## Exercise
Take the entries that follow and return only the lines from the one with "Womens Dressy Low" through the final line, leaving every picture behind.

Start of Source data

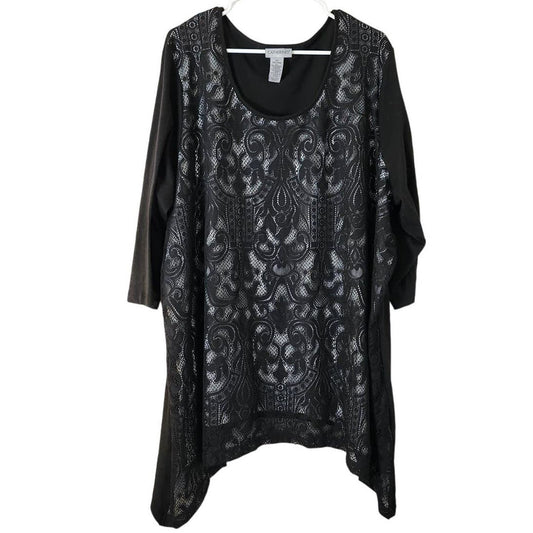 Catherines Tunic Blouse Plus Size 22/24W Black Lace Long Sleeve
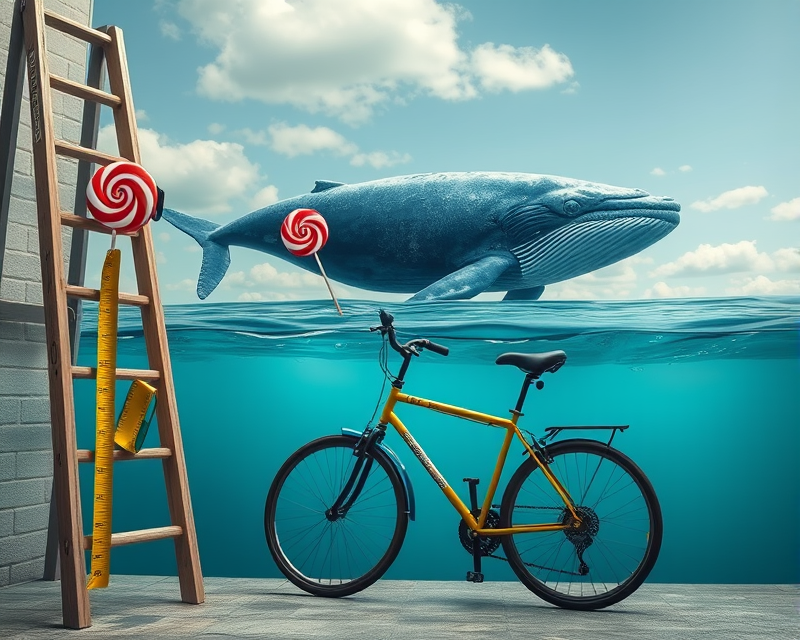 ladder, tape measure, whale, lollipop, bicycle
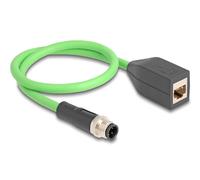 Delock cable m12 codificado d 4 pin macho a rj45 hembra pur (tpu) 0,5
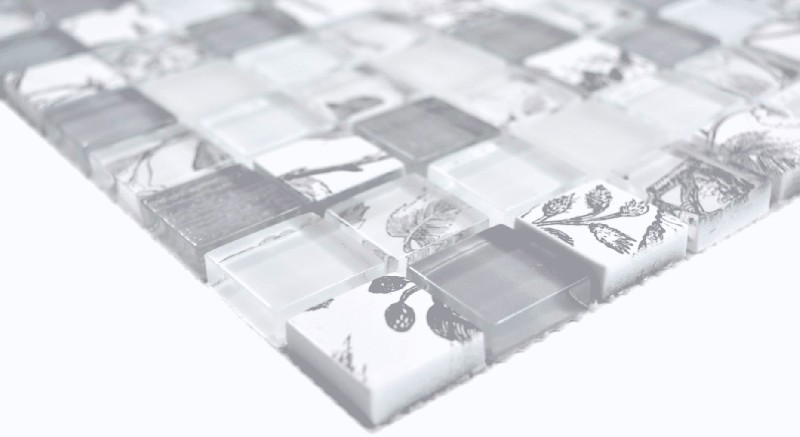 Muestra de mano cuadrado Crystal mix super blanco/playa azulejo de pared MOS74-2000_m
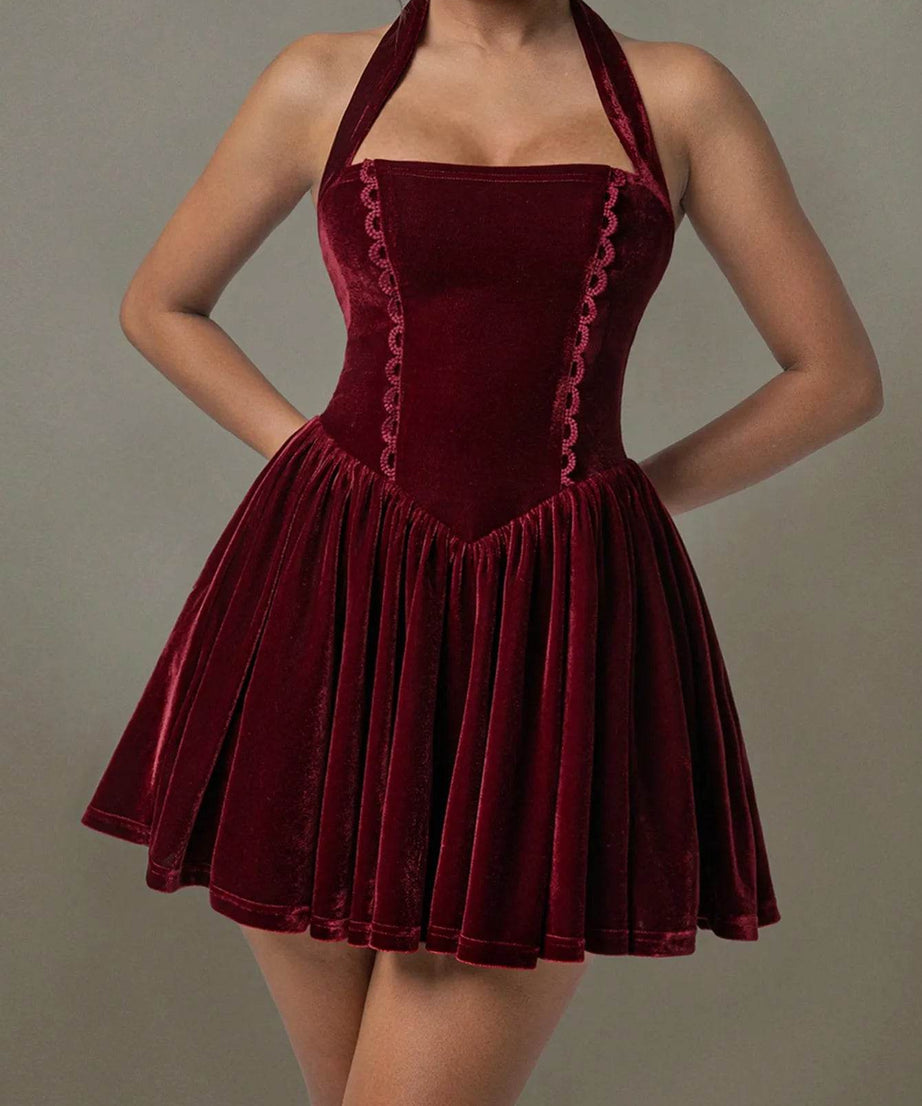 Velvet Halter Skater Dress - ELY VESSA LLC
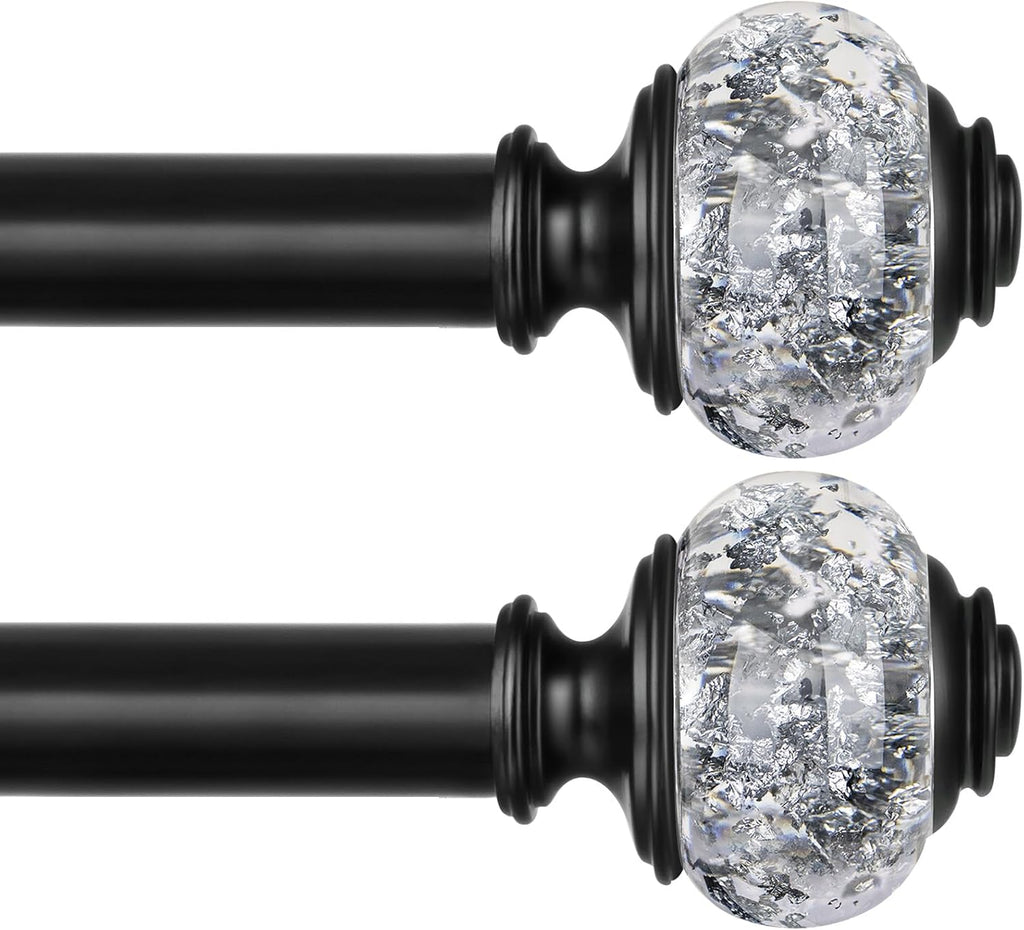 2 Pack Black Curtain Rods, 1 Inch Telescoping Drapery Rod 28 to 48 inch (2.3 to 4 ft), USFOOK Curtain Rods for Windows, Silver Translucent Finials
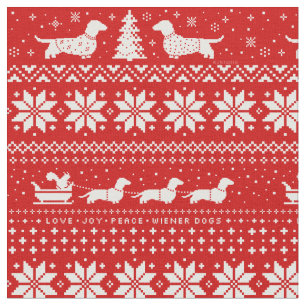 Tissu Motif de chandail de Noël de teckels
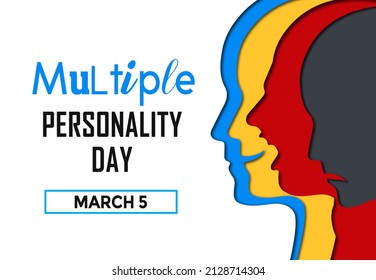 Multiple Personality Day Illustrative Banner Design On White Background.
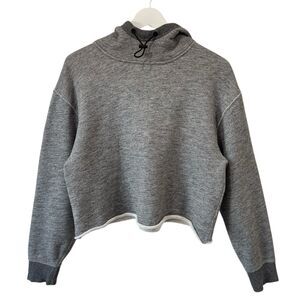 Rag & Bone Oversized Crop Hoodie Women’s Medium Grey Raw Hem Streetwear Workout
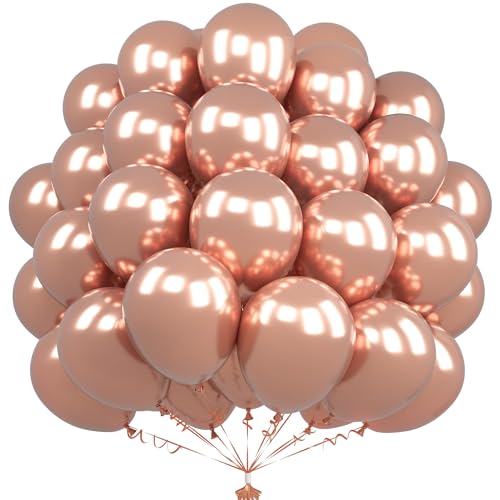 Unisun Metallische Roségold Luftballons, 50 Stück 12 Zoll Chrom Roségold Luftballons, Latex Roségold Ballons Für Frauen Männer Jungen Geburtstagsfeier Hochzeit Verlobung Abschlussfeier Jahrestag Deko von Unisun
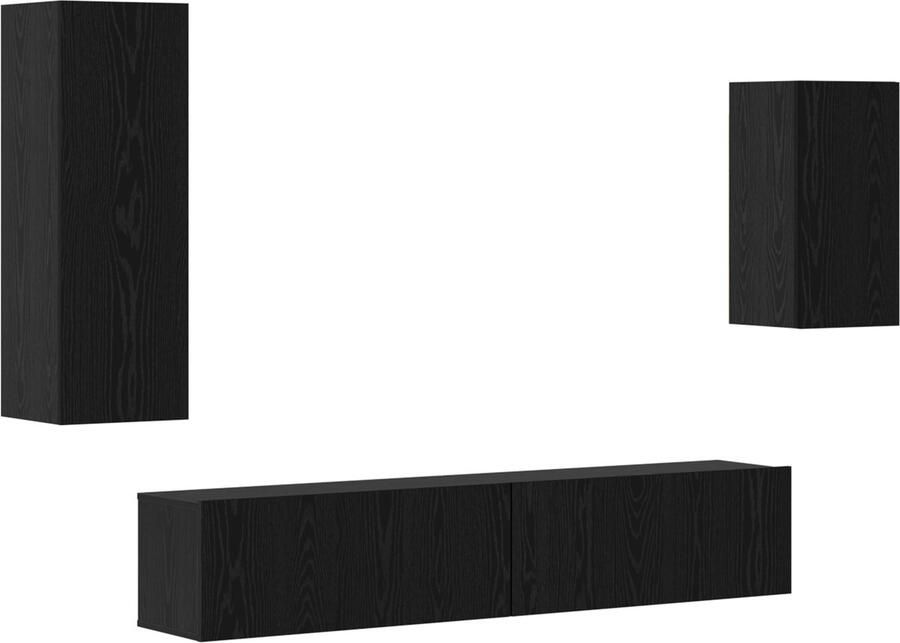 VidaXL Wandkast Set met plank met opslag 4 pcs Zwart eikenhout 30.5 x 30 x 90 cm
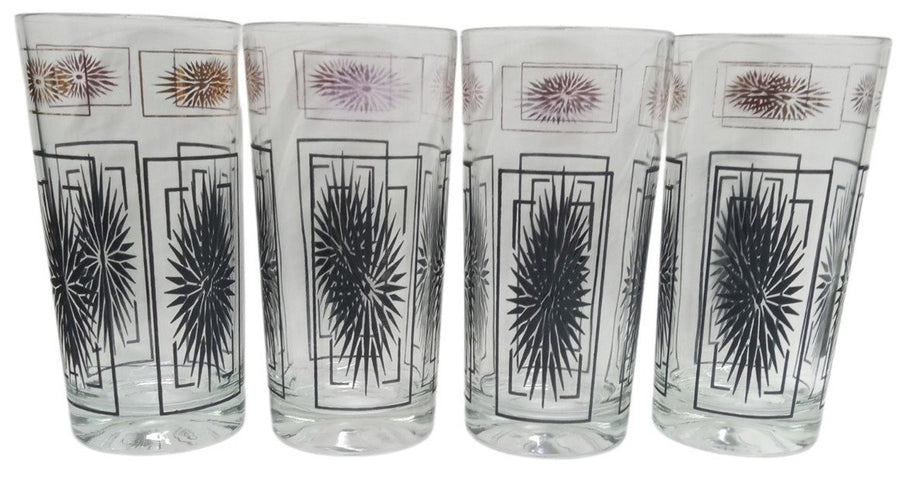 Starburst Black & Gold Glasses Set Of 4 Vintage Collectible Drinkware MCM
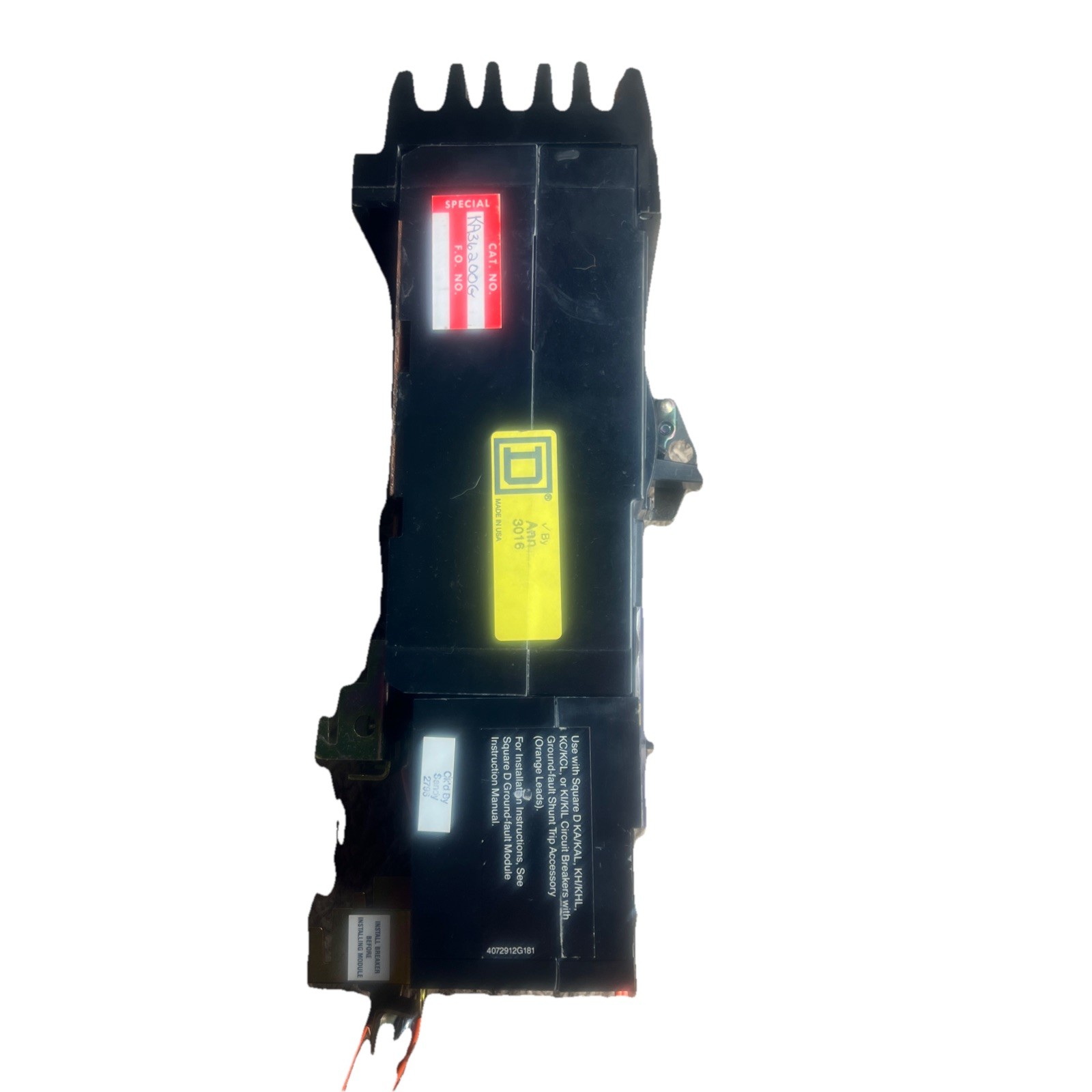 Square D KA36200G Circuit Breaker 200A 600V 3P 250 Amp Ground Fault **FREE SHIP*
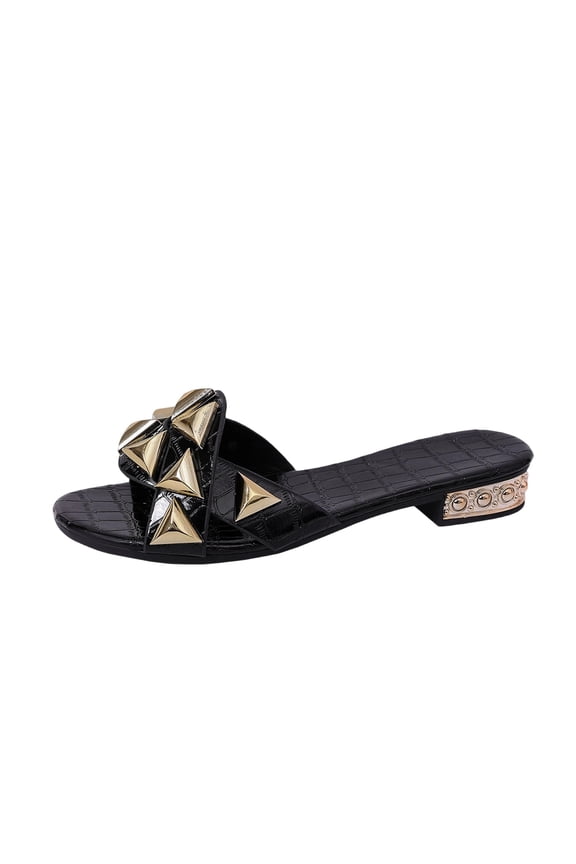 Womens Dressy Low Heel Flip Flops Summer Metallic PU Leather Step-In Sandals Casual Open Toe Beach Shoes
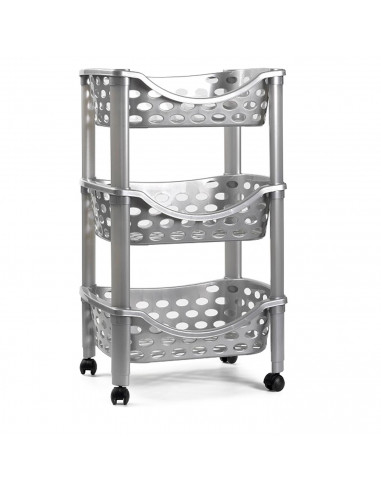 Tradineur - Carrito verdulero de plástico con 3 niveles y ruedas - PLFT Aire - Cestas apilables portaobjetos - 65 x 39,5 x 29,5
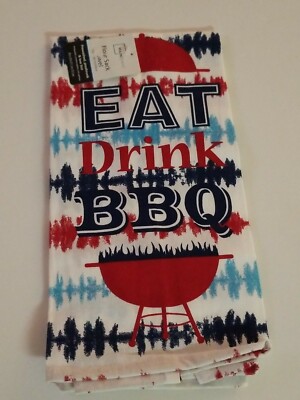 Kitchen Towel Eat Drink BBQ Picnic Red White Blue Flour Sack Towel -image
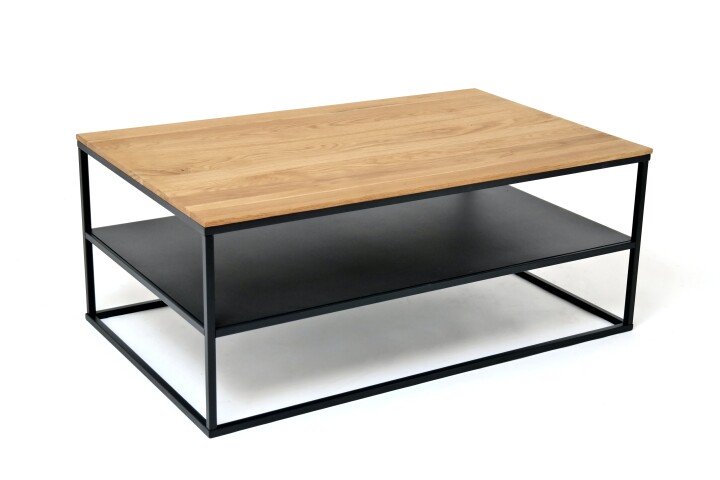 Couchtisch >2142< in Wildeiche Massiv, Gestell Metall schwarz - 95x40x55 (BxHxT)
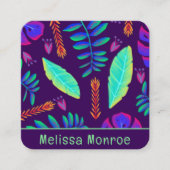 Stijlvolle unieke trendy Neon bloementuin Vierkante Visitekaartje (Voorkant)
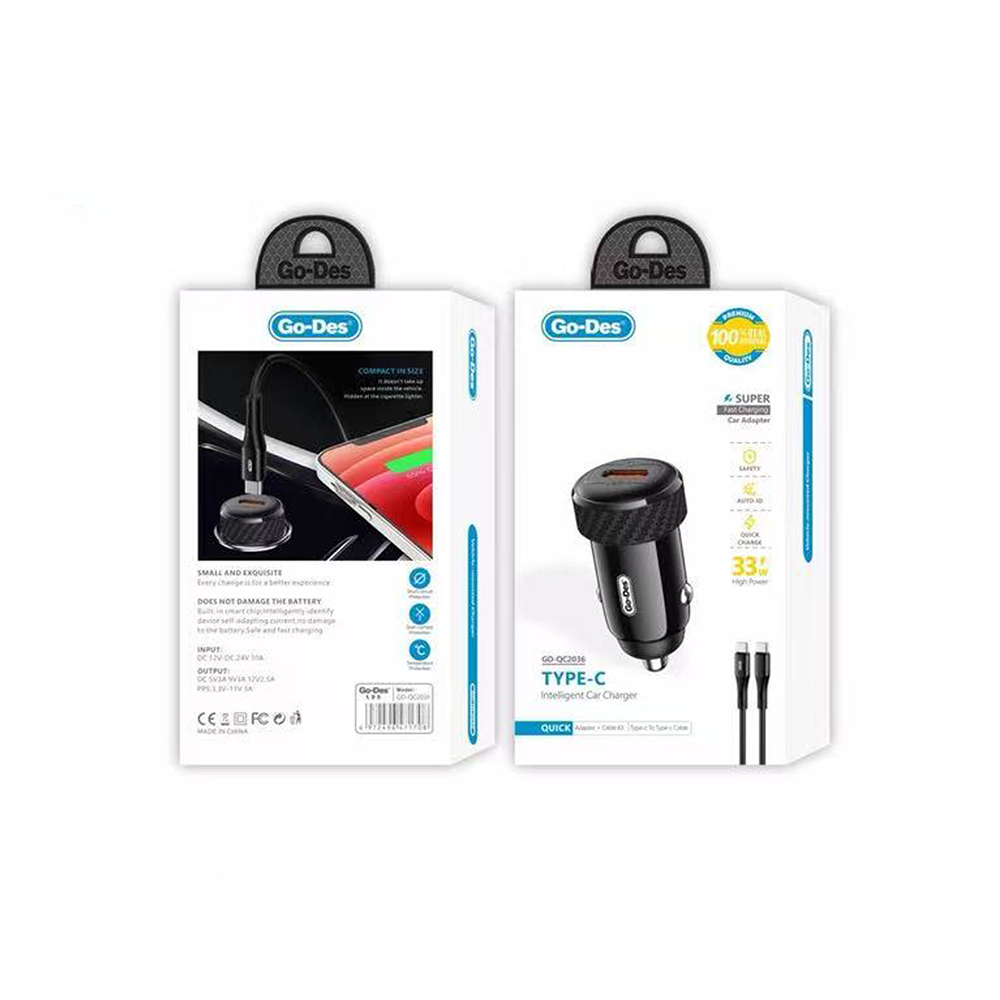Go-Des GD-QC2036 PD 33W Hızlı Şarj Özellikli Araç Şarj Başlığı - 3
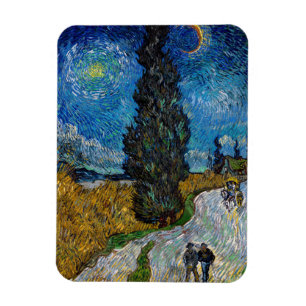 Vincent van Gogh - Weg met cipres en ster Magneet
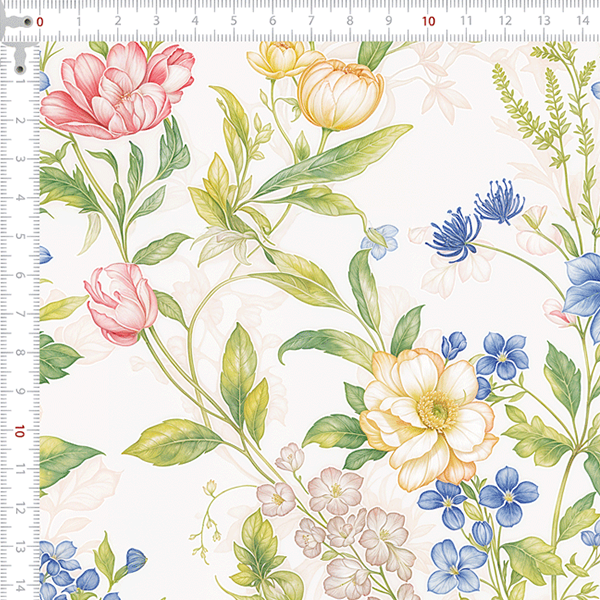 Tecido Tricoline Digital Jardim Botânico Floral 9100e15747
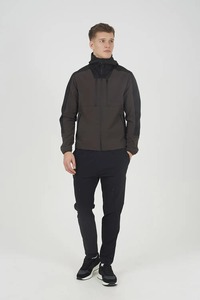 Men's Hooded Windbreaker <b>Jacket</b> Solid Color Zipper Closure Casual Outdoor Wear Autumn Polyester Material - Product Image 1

End of Source data

## Answer section
 Womens Dressy Low Heel Flip Flops Summer Metallic PU Leather Step-In Sandals Casual Open Toe Beach Shoes
 Tradineur - Carrito verdulero de plástico con 3 niveles y ruedas - PLFT Aire - Cestas apilables portaobjetos - 65 x 39,5 x 29,5
 Kitchen Towel Eat Drink BBQ Picnic Red White Blue Flour Sack Towel -image
 Couchtisch >2142< in Wildeiche Massiv, Gestell Metall schwarz - 95x40x55 (BxHxT)
 Stijlvolle unieke trendy Neon bloementuin Vierkante Visitekaartje (Voorkant)
Go-Des GD-QC2036 PD 33W Hızlı Şarj Özellikli Araç Şarj Başlığı - 3
 Vincent van Gogh - Weg met cipres en ster Magneet
 Tecido Tricoline Digital Jardim Botânico Floral 9100e15747
 Men's Hooded Windbreaker <b>Jacket</b> Solid Color Zipper Closure Casual Outdoor Wear Autumn Polyester Material - Product Image 1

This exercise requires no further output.